Everyone else must have died.
The nictating need of urgency, hope, love, desire, aspiration, assurance, abyss has gone off. The bell has sounded. Your brain’s salivating guesses. The lines of coke have been laid out. Sniff. Sniff. Sniff.
Do you climax when you get a call from an unknown number?
Is this too much theatre for you? Should we take it down a notch? Are you someone that’s turned off notifications, walking around with a halo of self-awareness that grows in proportion to other people’s lack there of, the modern version of I am closer to enlightenment because I don’t masturbate? You lucky constipated cuck.
You really should talk more kindly to yourself.

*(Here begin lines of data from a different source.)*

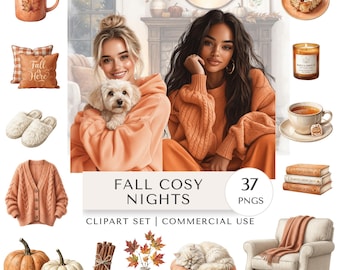 Fall Cosy Nights In Clipart Set | Cosy Seasonal Digital Stickers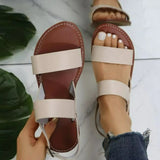 DEANWANGKT  European and American Foreign Trade plus Size Buckle Flat round-Toe Sandles Women's Cross-Border Buckle Beach Slippers Sandal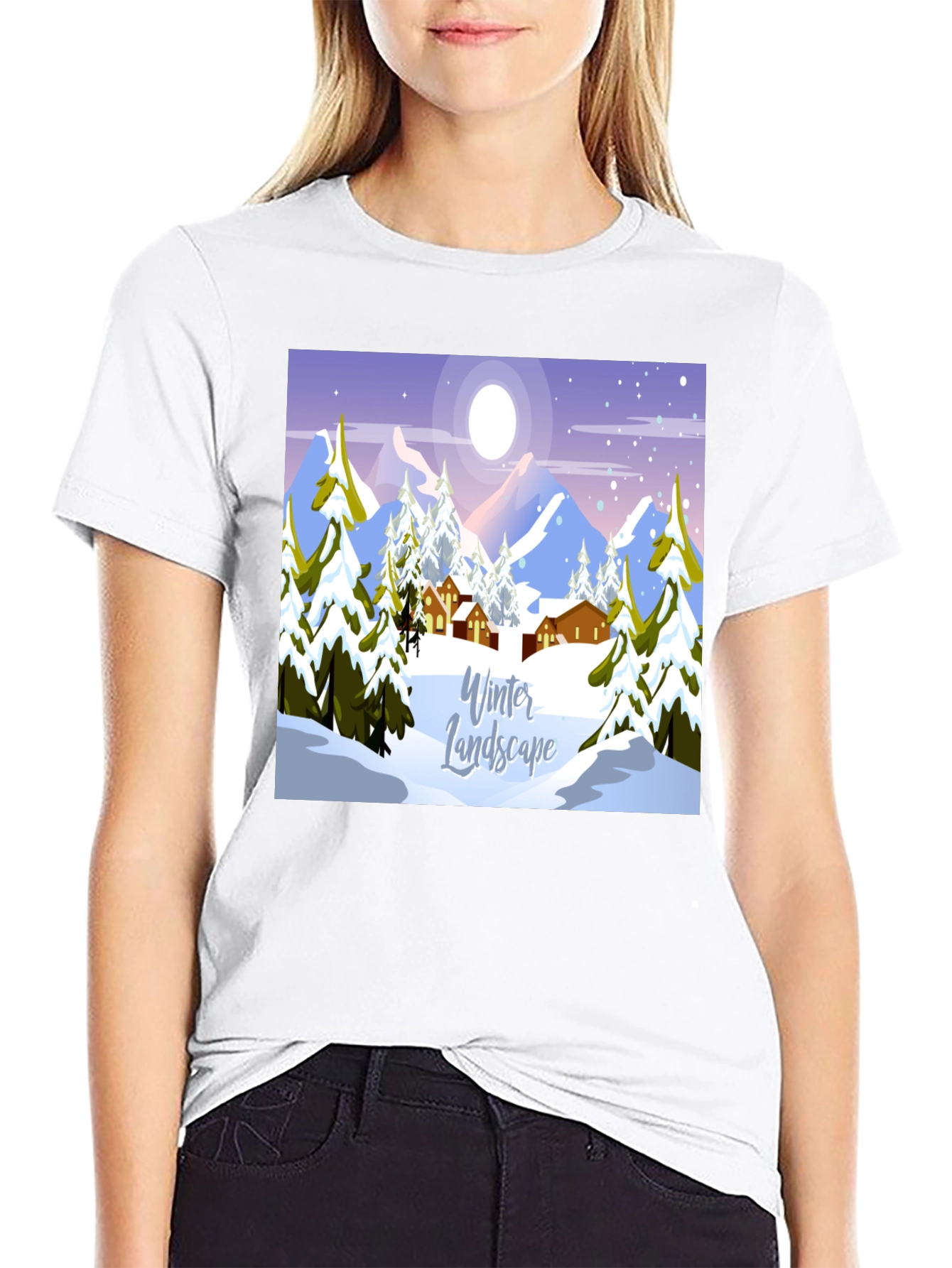 Winter Landscape Graphic Tee - Black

My notifications are turned off. It’s different for me. I am living in the future. That’s my version of notifications. Even as I write—the only thing I want done today—I want to be doing something else. My notifications are a reminder of everything I am not doing. You silenced the phone? And the head?
what next, what next, what next
You judge ’em, too? They are looking into their remaining scrap of consciousness and you—you are looking into your mind, the superfluous consciousness of your self. Neither of you is noticing what’s going on. They walk with their head down and miss everything, and you walk with my head up, frustrated you are definitely missing that one thing. Where I come from, it’s called
Akkan just miss.
I never got it, this whole idea of living in the present moment. I still don’t. But how grand it must be to experience a single moment of complete acceptance. Of not having the need to go back. Or, inevitably, forward. Of not craving change from the change you once craved for, ad infinitum, ad nauseam, ad astra.
What’s stronger? The absence of desire or a desire for absence?
The more comfortable things get, the more we find out who we really are. Just like the wealthier you get, the harder you need to work at nicety. In a way, the second dick—about time we acknowledge the phone for it is (small i, in case you are taking notes)—has made us all wealthy. What’s an upgrade but a dick extension in a somewhat literal, but disturbing sense? It’s why the natural progression from the phone was an ankle bracelet, around your wrists. The whole asylum ensemble. Welcome to the future. Notifications: now streaming straight into your blood: The opiate of the masses.
Wireless earphones are the new Hair Gel. It’s how you spot douchebags.
Now we are pretending real hard to care about, well, anything. Everything. To feel. Because notifications are the muscular dystrophy of feelings and if you really want to get ironic: its living someone else’s life, the results of their thinking, the noise of their opinions. Ever stayed hungry because you fell into a YouTube spiral on how to prevent hair fall? Don’t worry about staying foolish.
Insert your own non-ironical Steve Jobs quote here.
Notifications fabricate noticing. It’s why there’s so much meaningless rage. You are constantly pinching yourself and pissed off that someone’s hurting you. The lap dance of technological progress: Your mistress is also your drug dealer and your escape is also your prison.
Crew, prepare for landing. Oh, God, yes!